# WORK TASK:
In the records below, find the line containing "MC LEAN HAMLET - Residential" and the line containing "Belly Painting - Barriguitas". Give again exactly those lines and every line between them, omitting the pictures.

# DATA:
* * * * *

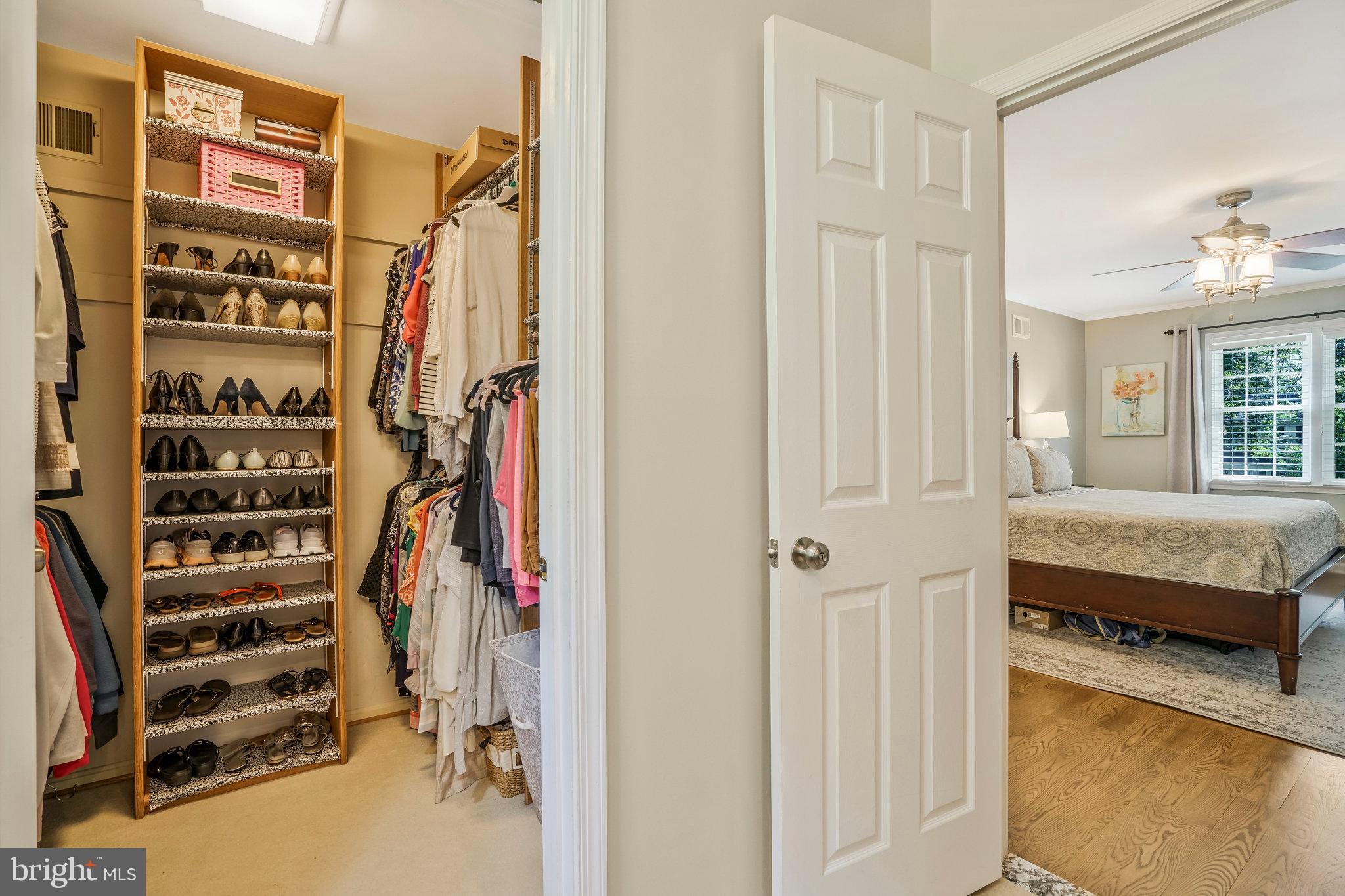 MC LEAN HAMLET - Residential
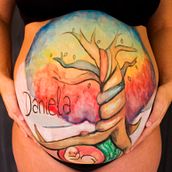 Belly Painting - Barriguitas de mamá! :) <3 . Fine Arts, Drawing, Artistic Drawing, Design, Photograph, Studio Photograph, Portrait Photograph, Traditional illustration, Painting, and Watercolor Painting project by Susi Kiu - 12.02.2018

* * * * *

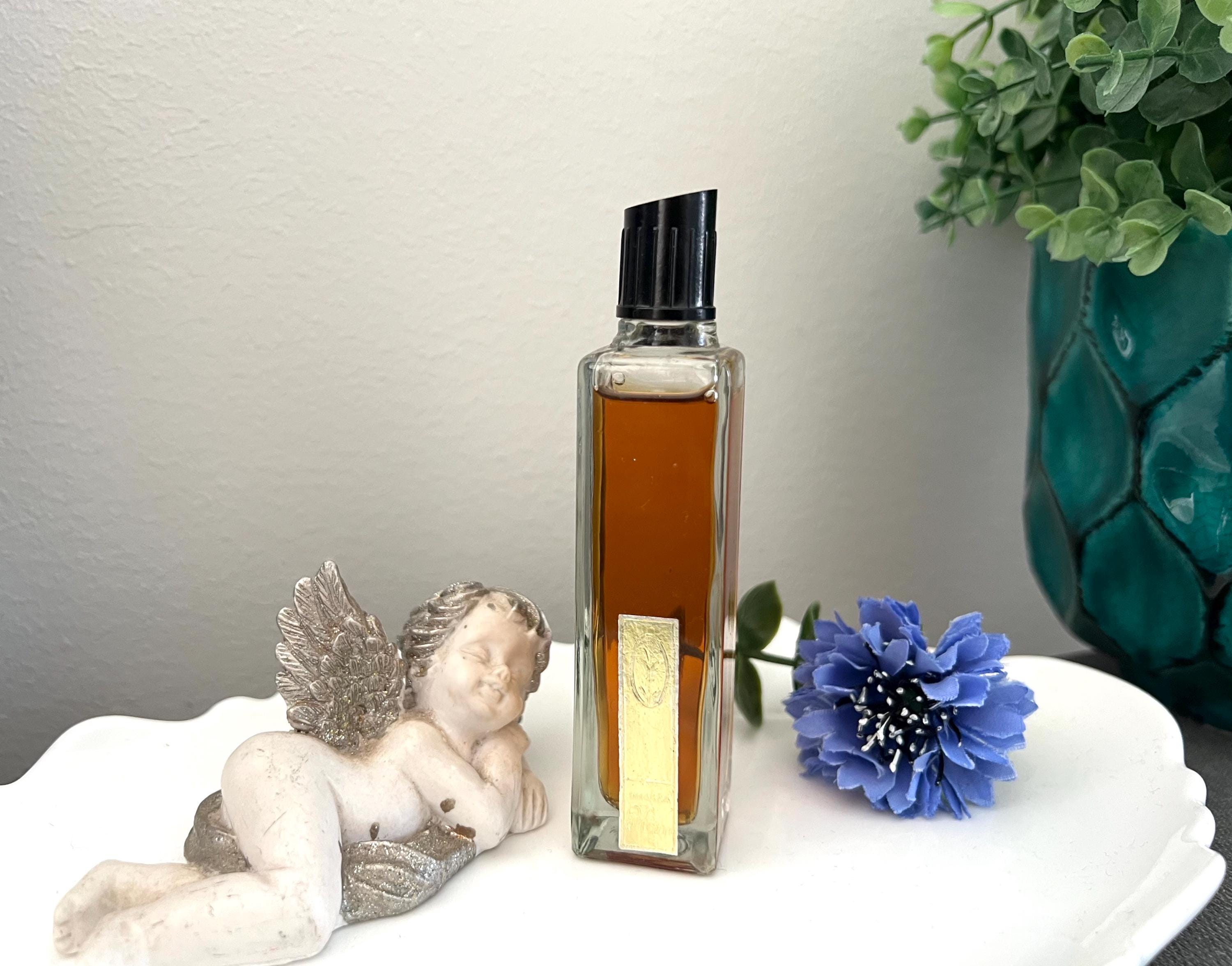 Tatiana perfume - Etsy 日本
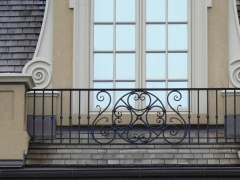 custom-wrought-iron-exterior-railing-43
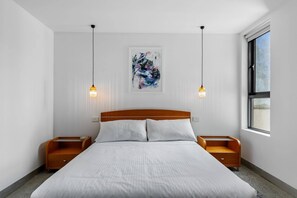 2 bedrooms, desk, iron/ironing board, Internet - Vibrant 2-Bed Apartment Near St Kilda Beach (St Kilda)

* * * * *

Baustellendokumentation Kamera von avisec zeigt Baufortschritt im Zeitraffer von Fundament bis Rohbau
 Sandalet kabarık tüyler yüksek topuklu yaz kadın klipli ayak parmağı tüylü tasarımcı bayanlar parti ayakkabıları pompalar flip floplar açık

* * * * *

# FINISHED TASK:
 MC LEAN HAMLET - Residential
 Belly Painting - Barriguitas de mamá! :) <3 . Fine Arts, Drawing, Artistic Drawing, Design, Photograph, Studio Photograph, Portrait Photograph, Traditional illustration, Painting, and Watercolor Painting project by Susi Kiu - 12.02.2018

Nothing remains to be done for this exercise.